Come on James, your getting ridiculous now, the US government disliked the Mormons in those days, there is no way they would murder people for them. 
Here is a quote from Brigham Young on the subject...
"A significant policy established by Brigham Young at the time recommended that the Mormon settlers establish friendly relationships with the surrounding American Indian tribes, particularly with a policy to "feed them rather than fight them" Shoshoni Frontier, p. 17
Your view of history is a bit of Jame
The Native American belief regarding ownership of land was this:
They believed that the earth was their mother, and that rather than believing that the land belonging to them...they believed that THEY belonged to the land.
This did not stop some rivalry between bands regarding hunting territories...but this rivalry was necessary for survival, and to prevent decimation of their prey through over hunting.
Most of the Natives were nomadic, and didn't settle in one area for 12 months out of the year, but would follow the buffalo herds to hunt, and jerk meat and harvest and cure hides...and would then travel back to their winter campgrounds...although there were tribes in certain areas who were not nomadic, because the area they lived in provided for their needs year round.
As far as what James said about the Mormons influencing the government to murder Native Americans at Bear Creek...he was partly correct.
Even though the government had no great love of Mormons, and even though Brigham Young had announced that he would rather feed the Indians than to fight them...the Mormon settlements and other white settlements put a great strain upon the resources of the land, and resulted in the unrest of the local tribes.
And with the murder of a son of a local Shoshone chief who happened to be fishing in the wrong place at the wrong time and was suspected of the theft of a Mormon settler's stray horse...hostilities commenced, and the federal government was ordered to settle the issue.
You would do well to do some research on the issue.
http://en.wikipedia.org/wiki/Bear_River_Massacre
I have read that, and it in no way says the Mormons influenced the government to attack and kill the indians, if YOU read the link you gave, you would see there was many things that influenced the attack.
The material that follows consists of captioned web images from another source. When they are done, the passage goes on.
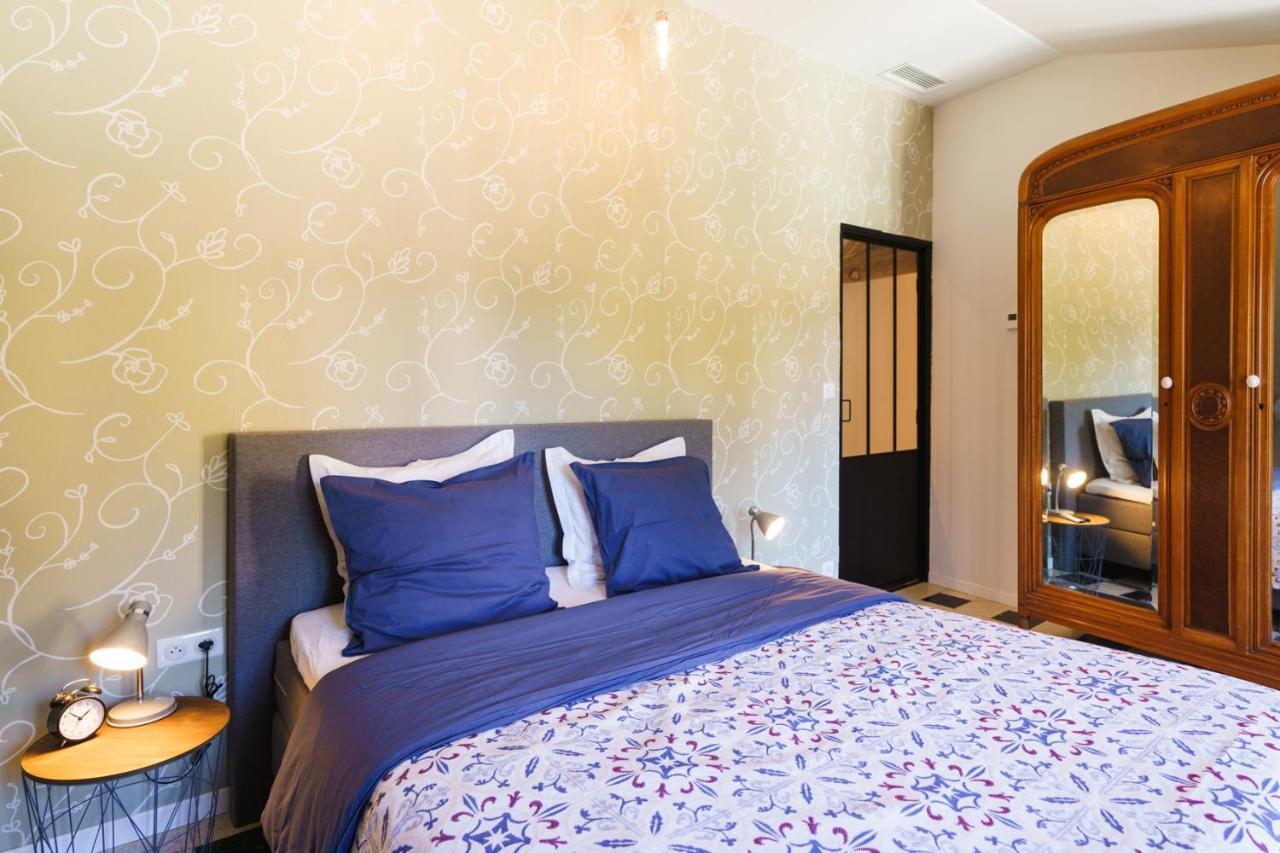 Logement Onze Chambres & Gites Raissac-d'Aude Eksteriør billede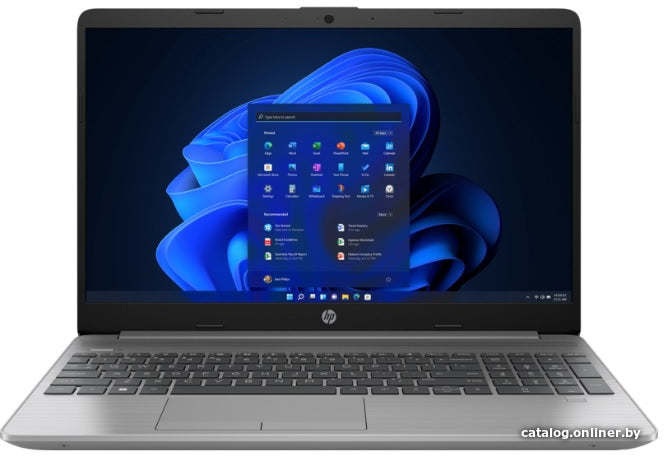 Hp 255 G9 Amd Ryzen 7-5625U 15 8Gb Ddr4 1Tb Hdd + 250Gb Nvme Amd Radeon Graphics 15.6 Fhd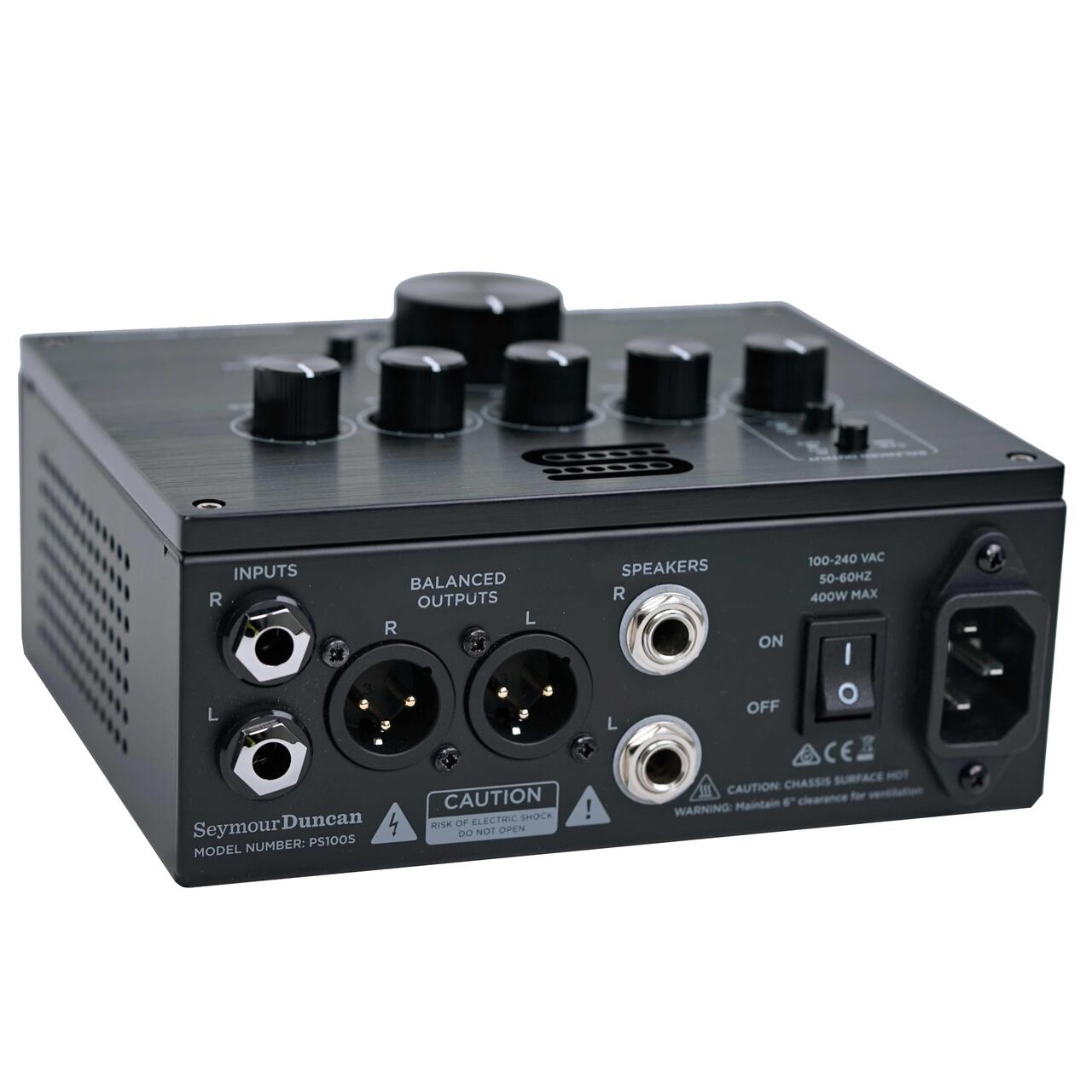 Seymour Duncan Powerstage 200W Pedalboard Mount Amplifier in Black - 241120432257008f4.jpg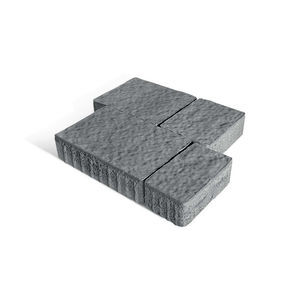 concrete paving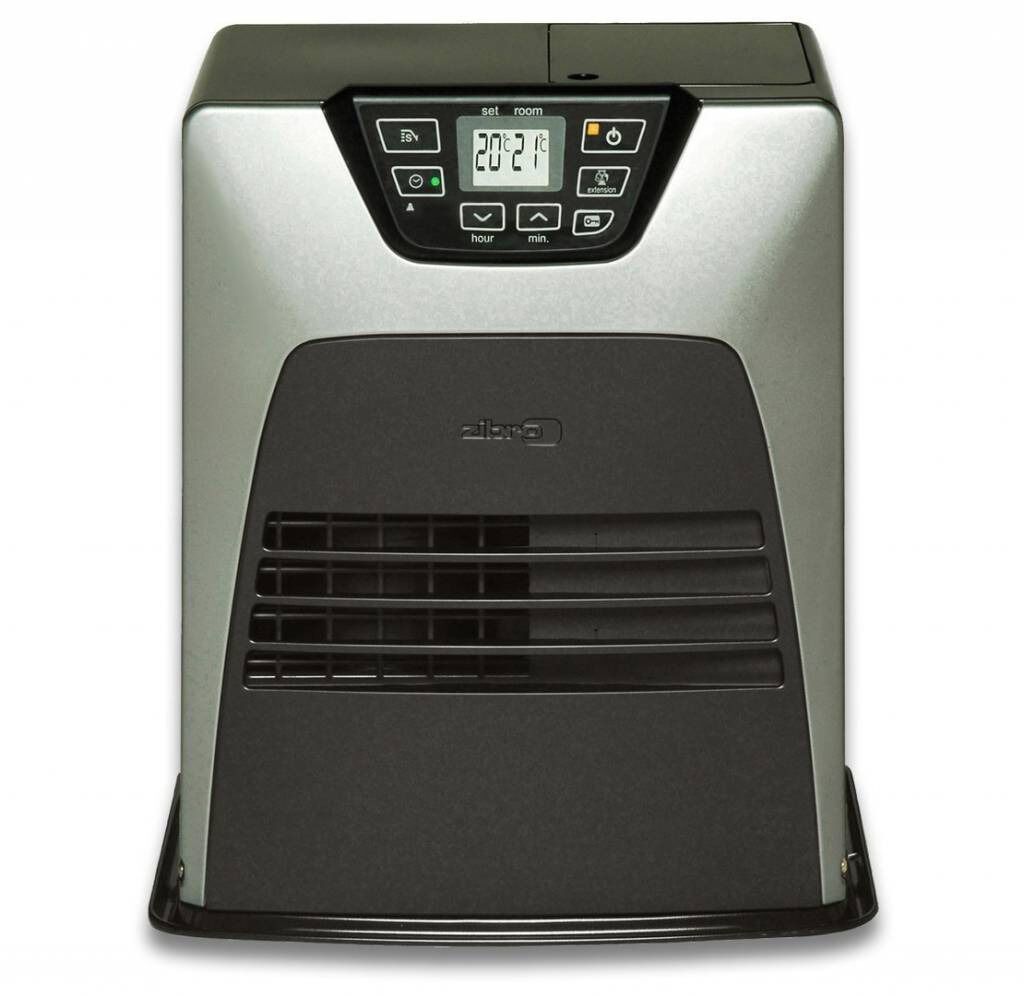 Zibro LC-DX 32 - Petroleumkachel - 3200 W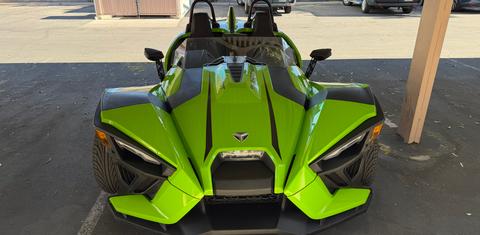 Polaris Slingshot 2022
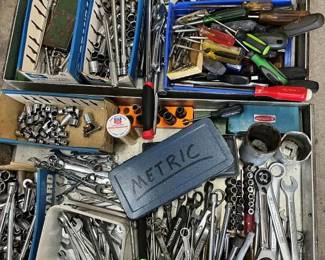 5495 Handtools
The Mormons influenceing them to attack as not mentioned. Nice try jaye, but you need to take your own advice and do some research yourself.Take a deep breath and try to think for a moment.
Smithfield was a Mormon settlement. It was a Mormon settler who after missing a horse, accused the young son of a Shoshone chief of stealing his horse. This lad had been fishing at Summit Creek right about when the Mormon discovered his horse to be missing.
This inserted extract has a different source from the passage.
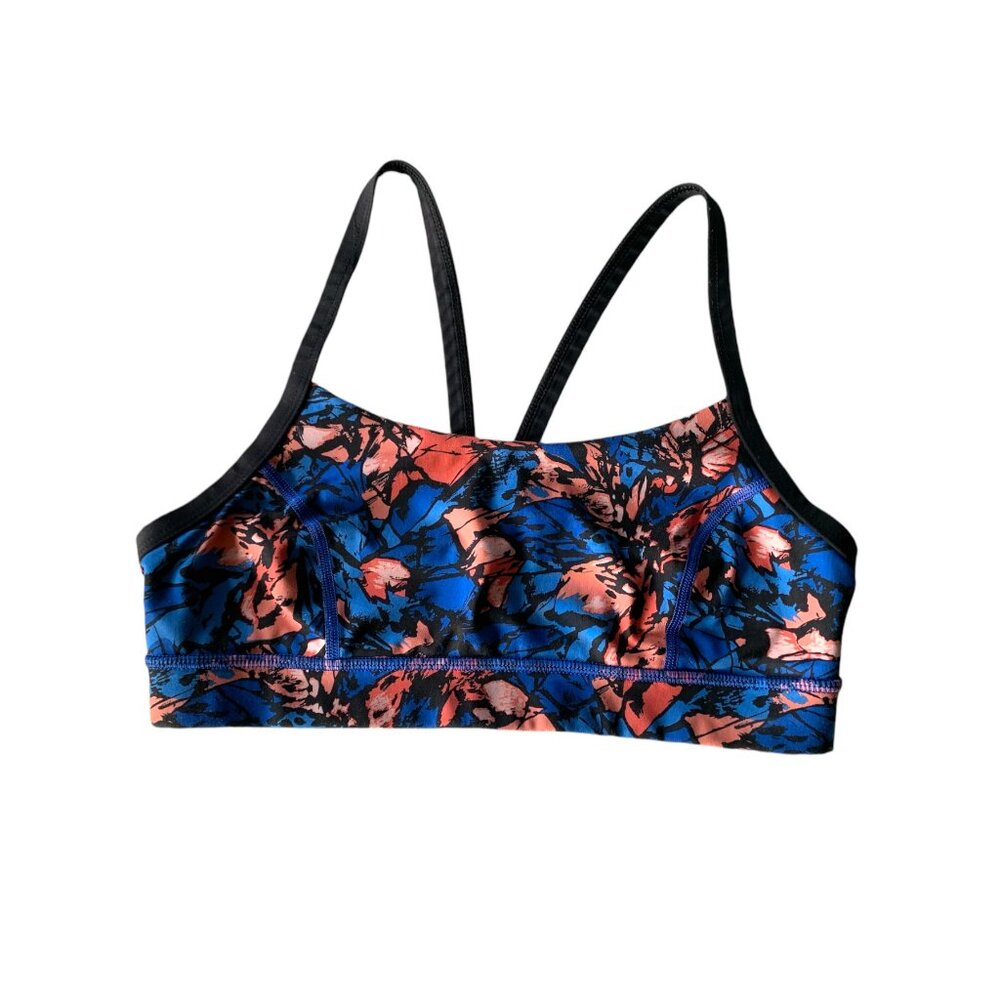 LULULEMON Rise and Run Bra - Picture 2 of 6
Robert Thornley, an English immigrant tried to defend the lad, by pointing out that he had quite a line of fish on a line, and could not have been stealing a horse, but to no avail. A jury of Mormons tried the youth and hanged him.
This angered the Shoshone Chief, and he retaliated by making a raid and killing a couple of the Merrill family's sons as they were out gathering wood.
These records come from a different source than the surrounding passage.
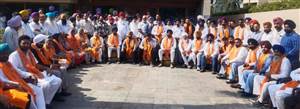 ਲੋਕ ਆਪਣੀ ਖੇਤਰੀ ਪਾਰਟੀ ’ਤੇ ਕਰਨਗੇ ਵਿਸ਼ਵਾਸ : ਸ਼ਰਨਜੀਤ ਢਿੱਲੋਂ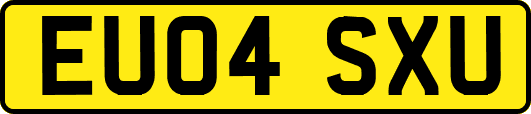 EU04SXU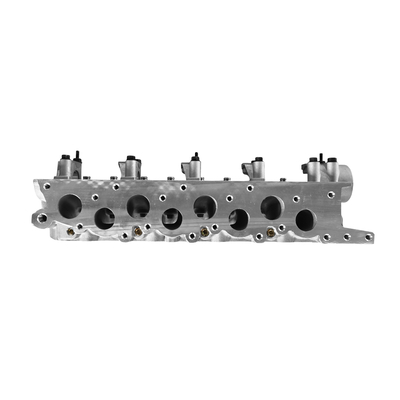 Sturdy MLG009 Cylinder Head Perfect For Heavy-Duty Machinery And Equipment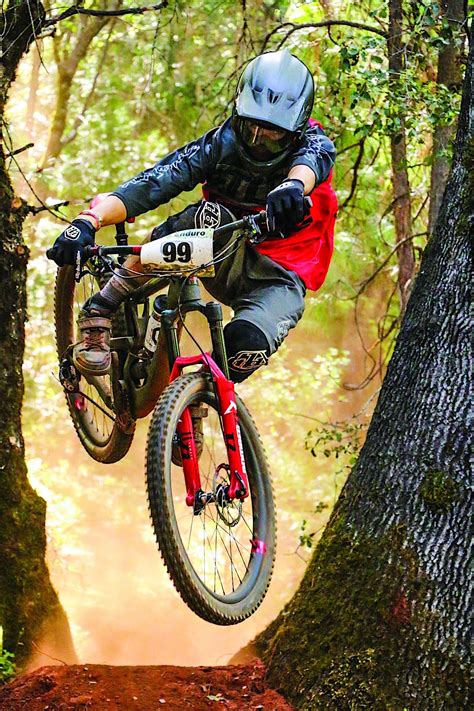 Trailgrams The Tds Enduro Race Mountain Bike Action Magazine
There were a number of attacks on settlers and immigrants.
George A. Smith, in the official Journal History of the LDS Church, wrote:
"It is said that Col. Connor is determined to exterminate the Indians who have been killing the Emigrants on the route to the Gold Mines in Washington Territory. Small detachments have been leaving for the North for several days. If the present expedition copies the doings of the other that preceded it, it will result in catching some friendly Indians, murdering them, and letting the guilty scamps remain undisturbed in their mountain haunts."
Good...so Smith realized that all tribals were not guilty...some were friendly.
"On the other hand, the Deseret News in an editorial expressed:
"...with ordinary good luck, the volunteers will 'wipe them out.' We wish this community rid of all such parties, and if Col. Connor be successful in reaching that bastard class of humans who play with the lives of the peaceable and law abiding citizens in this way, we shall be pleased to acknowledge our obligations."
As I said Dubbs...even though there was no real love lost between Mormons and the Federal Government...the Mormons were involved in this fray...from the moment a jury of Mormons tried and hanged that Shoshone boy.
If you truly believe that the Mormons cared one whit about the welfare of the Natives...you are more deluded than I originally understood you to be.
The Mormons set the Natives up right and left...and the Mormons were also party to murdering immigrants.
Do you understand that the federal army wasn't just interested in quelling the tribal attacks? But also in discouraging any further attacks on emigrant trains at the hands of the Mormons?